▼▼▼

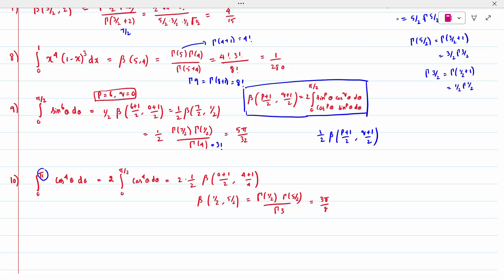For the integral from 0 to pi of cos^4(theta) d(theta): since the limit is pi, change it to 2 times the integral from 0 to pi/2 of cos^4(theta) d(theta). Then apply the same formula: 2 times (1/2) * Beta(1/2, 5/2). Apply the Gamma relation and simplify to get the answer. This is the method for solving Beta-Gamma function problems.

▲▲▲
▼▼▼

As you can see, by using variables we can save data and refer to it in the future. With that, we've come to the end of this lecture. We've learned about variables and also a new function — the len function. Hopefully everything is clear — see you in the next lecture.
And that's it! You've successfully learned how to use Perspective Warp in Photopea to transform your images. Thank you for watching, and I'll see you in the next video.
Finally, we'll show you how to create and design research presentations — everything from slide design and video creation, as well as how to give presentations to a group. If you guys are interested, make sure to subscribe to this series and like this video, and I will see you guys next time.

▲▲▲
▼▼▼

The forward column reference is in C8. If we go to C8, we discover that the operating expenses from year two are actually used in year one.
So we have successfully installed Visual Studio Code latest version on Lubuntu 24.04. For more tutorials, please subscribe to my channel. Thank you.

▲▲▲

### [AIM OF THE TASK]
Every line above that holds the word "successfully" needs to be copied.

### [SOLUTION TO THIS TASK]
And that's it! You've successfully learned how to use Perspective Warp in Photopea to transform your images. Thank you for watching, and I'll see you in the next video.
So we have successfully installed Visual Studio Code latest version on Lubuntu 24.04. For more tutorials, please subscribe to my channel. Thank you.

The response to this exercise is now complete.